• What is expected
Please return each line of the listing exactly as given.

• Dataset excerpt

☆ ☆ ☆

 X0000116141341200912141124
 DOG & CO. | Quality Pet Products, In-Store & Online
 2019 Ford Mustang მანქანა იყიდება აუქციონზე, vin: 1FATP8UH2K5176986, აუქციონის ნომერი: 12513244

☆ ☆ ☆

• Output for this exercise
 X0000116141341200912141124
 DOG & CO. | Quality Pet Products, In-Store & Online
 2019 Ford Mustang მანქანა იყიდება აუქციონზე, vin: 1FATP8UH2K5176986, აუქციონის ნომერი: 12513244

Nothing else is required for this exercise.